Advice on syslog setup

I am looking for advice on setting up a remote syslog facility to recieve syslog from our MAAS + SLURM system of a few thousand servers running SLURM-nodes.
The syslog clients needs to be lightweight (no Java) since we dont want to lose performance.

Functionality for notification/alarm is desirable as is visualization.

Primary use-case is to be able to correlate errors in syslogs with time alongside SLURM-jobs running on the servers.

What is your take on a good stack/bundle here?

From a sending standpoint, cs:rsyslog-forwarder-ha is useful to be able to land a configuration on each juju machine as a subordinate that can forward to one or more rsyslog servers. There is also a cs:rsyslog server charm that can be used. My experience has only been with using the forwarder charm to send logs to non-juju managed, upstream systems such as loglogic, splunk, etc.

For more advanced log management there are a couple of stacks that you could choose from that are based around filebeat charm on each unit, and elasticsearch charm managing the log warehouse, and either graylog managing the communication between filebeat and elasticsearch, or filebeat sending directly to elasticsearch and the filebeat indicies can be read by Kibana. It’s best to evaluate each of these stacks for your own use case.

I believe the big-data teams may have some good documentation available for gathering and processing information at this scale using these charms.

I’m thinking of setting up Elasticsearch + Graylog for MAAS initially since MAAS has support for sending its syslog to a remote server. Apparently, Elasticsearch has native support for syslog-ng (which I hope MAAS somehow can manage. This is what docs say: https://maas.io/docs/syslog)

After this works, I will try hook up SLURM with elasticsearch along with the rsyslog-forwarder subordinate you suggested.

This will then likely let me correlate events on bort MAAS, server and SLURM layers in the same elasticsearch instance.

What are your thoughts around this setup ?

I’m not sure which charms has the best status though for these systems since there are a few competing charms already in the charmstore…

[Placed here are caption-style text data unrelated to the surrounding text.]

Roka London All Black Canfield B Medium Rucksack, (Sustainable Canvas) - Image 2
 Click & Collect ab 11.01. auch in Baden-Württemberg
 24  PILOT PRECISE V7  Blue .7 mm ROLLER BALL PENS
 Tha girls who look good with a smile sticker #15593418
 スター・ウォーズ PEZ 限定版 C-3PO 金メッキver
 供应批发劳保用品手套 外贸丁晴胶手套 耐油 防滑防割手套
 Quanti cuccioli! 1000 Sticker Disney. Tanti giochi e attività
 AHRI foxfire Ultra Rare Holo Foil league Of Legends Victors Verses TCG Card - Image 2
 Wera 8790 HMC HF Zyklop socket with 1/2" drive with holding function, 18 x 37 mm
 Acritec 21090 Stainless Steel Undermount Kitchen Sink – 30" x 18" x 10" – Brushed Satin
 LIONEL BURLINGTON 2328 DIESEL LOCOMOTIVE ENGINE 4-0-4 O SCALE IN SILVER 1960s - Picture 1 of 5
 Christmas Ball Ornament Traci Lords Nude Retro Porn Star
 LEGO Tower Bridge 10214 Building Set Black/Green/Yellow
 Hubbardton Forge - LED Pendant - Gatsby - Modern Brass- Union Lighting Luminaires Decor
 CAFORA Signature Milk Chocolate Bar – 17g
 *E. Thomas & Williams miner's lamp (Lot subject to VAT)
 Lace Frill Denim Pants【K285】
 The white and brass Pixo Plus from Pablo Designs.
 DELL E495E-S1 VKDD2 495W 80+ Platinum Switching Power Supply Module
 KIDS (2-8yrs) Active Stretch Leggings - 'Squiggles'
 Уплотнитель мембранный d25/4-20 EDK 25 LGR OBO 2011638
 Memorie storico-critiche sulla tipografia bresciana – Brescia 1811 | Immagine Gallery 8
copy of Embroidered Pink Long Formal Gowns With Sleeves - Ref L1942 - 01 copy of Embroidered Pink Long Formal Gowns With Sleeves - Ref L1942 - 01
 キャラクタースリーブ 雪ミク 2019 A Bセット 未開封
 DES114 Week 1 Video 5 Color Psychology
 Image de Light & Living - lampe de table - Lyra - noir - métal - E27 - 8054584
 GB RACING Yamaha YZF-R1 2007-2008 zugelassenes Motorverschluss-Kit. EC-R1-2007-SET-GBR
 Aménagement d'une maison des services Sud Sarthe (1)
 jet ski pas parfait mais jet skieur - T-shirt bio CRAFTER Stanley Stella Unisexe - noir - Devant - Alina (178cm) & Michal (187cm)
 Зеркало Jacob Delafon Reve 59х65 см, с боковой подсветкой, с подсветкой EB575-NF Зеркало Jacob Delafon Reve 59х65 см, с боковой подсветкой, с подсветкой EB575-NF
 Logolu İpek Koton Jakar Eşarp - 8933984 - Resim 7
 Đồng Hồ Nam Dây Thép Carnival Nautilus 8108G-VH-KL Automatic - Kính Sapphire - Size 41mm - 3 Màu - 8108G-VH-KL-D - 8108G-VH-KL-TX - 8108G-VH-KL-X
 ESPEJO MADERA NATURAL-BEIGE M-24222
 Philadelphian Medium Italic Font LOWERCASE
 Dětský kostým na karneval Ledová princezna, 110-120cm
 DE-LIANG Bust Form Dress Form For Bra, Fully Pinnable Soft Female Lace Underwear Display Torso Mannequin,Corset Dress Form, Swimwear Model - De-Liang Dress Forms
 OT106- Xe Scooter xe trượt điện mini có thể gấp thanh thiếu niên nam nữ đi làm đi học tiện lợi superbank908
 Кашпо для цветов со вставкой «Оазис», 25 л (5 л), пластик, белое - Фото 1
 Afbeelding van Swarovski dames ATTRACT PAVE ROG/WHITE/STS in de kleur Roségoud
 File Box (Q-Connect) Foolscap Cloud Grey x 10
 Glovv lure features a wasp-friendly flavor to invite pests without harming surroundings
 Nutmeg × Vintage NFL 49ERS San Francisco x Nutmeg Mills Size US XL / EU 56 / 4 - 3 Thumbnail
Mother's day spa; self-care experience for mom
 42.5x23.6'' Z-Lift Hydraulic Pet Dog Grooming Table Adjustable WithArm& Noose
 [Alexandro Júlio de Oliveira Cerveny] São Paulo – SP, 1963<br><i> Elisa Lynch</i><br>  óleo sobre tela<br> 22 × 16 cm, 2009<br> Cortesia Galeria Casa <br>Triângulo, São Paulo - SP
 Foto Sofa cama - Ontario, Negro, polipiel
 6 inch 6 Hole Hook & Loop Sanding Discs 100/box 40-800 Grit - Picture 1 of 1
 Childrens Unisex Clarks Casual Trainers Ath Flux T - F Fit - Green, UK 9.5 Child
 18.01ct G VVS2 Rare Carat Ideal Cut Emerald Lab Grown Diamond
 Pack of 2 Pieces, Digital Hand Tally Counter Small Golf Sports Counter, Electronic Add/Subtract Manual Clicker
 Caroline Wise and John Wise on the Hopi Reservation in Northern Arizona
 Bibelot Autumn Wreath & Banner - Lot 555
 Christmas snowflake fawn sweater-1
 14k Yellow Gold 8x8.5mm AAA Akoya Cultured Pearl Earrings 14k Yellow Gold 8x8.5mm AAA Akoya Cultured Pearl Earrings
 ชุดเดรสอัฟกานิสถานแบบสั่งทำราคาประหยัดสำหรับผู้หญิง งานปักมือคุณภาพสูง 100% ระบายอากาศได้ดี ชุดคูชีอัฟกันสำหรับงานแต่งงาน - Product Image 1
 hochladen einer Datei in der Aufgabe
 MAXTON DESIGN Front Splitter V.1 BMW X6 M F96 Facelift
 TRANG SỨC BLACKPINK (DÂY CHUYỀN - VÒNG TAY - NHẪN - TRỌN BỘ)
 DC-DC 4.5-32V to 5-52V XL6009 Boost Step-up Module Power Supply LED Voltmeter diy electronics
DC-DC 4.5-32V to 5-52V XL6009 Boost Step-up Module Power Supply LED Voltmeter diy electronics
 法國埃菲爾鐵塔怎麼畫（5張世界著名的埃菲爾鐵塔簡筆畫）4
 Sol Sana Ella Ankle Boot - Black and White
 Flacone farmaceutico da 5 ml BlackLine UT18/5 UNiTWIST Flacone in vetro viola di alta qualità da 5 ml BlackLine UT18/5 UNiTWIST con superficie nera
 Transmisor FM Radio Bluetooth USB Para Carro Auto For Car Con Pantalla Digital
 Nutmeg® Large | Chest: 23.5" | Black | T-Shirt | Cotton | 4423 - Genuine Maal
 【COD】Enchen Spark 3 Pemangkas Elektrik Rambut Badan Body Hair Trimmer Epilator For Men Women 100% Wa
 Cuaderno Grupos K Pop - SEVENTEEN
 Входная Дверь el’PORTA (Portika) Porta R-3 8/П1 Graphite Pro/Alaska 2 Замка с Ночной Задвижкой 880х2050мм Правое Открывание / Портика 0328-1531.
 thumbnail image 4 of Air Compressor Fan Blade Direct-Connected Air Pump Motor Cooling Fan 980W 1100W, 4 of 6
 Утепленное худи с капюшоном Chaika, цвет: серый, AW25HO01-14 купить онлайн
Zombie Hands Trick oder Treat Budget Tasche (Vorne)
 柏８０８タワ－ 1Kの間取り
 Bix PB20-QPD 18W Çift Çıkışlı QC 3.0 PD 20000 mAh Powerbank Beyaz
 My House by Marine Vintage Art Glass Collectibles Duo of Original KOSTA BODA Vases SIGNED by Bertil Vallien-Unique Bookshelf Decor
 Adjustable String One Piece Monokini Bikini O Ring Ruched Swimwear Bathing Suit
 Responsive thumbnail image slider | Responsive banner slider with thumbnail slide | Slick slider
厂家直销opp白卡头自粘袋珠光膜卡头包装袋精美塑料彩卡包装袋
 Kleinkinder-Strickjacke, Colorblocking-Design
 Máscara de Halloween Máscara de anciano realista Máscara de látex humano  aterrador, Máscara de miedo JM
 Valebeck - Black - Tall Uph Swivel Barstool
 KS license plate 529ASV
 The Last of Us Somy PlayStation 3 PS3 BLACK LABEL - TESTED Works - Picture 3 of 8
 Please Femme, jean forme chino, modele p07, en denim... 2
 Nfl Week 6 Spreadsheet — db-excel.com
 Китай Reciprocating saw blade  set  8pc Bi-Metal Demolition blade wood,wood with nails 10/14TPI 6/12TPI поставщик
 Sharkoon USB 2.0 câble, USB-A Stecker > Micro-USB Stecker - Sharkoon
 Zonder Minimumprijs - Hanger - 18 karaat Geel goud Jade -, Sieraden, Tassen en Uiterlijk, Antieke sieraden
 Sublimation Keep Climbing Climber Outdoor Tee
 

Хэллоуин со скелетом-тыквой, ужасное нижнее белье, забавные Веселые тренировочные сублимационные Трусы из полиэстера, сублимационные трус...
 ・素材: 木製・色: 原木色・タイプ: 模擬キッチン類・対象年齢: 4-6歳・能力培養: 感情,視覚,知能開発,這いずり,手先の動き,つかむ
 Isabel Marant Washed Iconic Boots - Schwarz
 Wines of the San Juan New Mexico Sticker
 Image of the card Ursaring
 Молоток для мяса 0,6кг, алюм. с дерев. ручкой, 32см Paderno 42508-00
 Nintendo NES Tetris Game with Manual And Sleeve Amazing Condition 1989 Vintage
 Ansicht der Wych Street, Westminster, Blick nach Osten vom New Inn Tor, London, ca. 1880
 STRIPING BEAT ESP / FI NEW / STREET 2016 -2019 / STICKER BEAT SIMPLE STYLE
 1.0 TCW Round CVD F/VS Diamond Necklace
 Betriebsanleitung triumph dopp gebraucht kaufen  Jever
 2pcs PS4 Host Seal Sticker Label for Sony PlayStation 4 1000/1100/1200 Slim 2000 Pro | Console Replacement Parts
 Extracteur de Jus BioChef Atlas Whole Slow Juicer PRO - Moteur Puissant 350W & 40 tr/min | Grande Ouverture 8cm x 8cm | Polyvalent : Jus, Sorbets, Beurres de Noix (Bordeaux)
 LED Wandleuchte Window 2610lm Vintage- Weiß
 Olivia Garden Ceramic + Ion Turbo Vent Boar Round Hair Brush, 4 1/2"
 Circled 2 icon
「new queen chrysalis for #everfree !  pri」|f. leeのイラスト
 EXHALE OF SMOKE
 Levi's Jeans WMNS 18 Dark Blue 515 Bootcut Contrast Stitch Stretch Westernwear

I would love to get some advice on which charmstore accounts to deploy, especially for the Graylog charm: https://jujucharms.com/graylog/40 (is this the best version?)

I’m having problems getting graylog to run aswell when I’m testing this on AWS…

I’ve filed some bug reports: https://bugs.launchpad.net/graylog-charm/+bug/1850211
and
https://bugs.launchpad.net/graylog-charm/+bug/1850206

Not sure how to put heat on this…

I’ve updated with comments on your bugs. I believe this comes down to needing to properly size your aws instances in the “machines” section of your bundle definitions using appropriate flavors and then working out architecture for access to systems deployed on the FAN network.

Accessing the graylog API is tricky given that the graylog web UI forces your desktop browser to call-back to the API directly rather than the graylog webserver proxying your API requests. This means that the X-Graylog-API URL header needs to be updated. See the graylog charm documentation regarding Reverse Proxy relation and how you can utilize an apache2 instance to provide a more seamless graylog interface.

The cs:graylog promulgated charm is the correct and supported charm to use, and in general, your bundle and relations look correct, but you’ll need to provide more information related to your VPC setup, networking, routing, etc before we can provide further feedback on how to resolve your issues related to the API errors in lp#1850211.

1 Like